_Task brief_
Once the line containing "38 Beden beyaz" is found in the entries below, reproduce it and every line after it, stopping at and including the line containing "Vans Kids Black"; reproduce nothing else, and keep each line exact.

_Data under study_
- Opening Delimiter -

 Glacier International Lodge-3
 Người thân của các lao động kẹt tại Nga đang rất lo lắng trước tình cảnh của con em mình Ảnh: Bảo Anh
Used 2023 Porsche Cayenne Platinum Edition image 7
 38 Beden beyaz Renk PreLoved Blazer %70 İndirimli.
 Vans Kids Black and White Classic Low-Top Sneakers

- Closing Delimiter -
- Opening Delimiter -

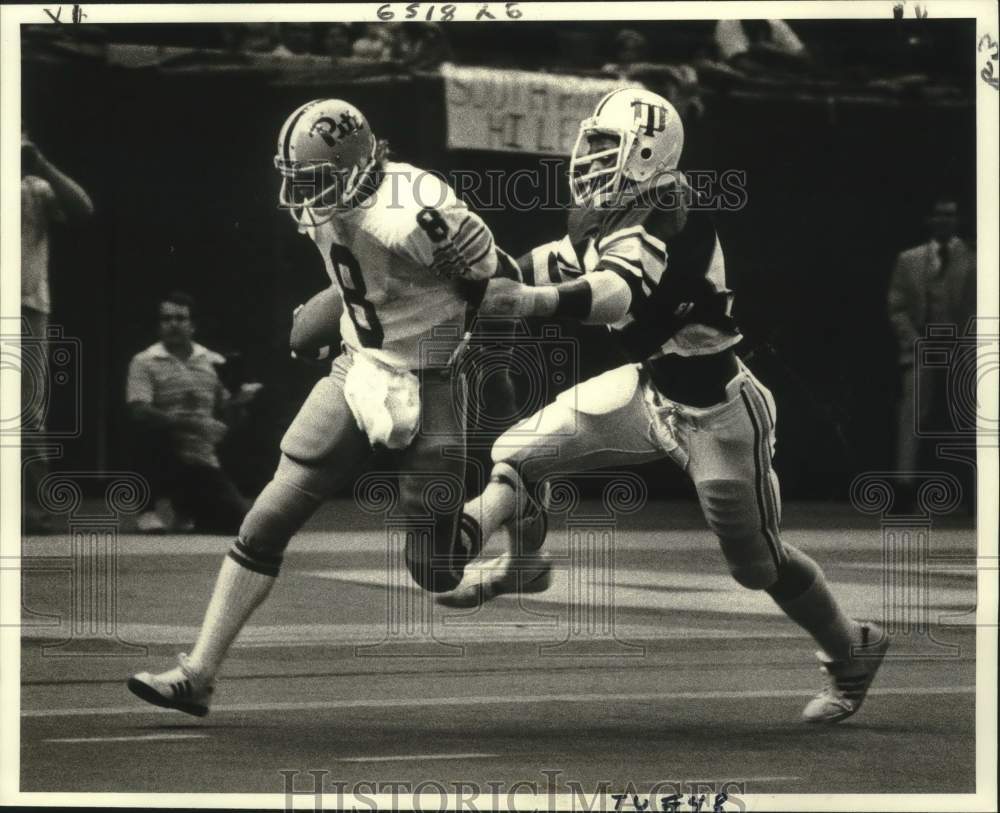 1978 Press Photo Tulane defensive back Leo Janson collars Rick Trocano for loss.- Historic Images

- Closing Delimiter -

_Written answer_
 38 Beden beyaz Renk PreLoved Blazer %70 İndirimli.
 Vans Kids Black and White Classic Low-Top Sneakers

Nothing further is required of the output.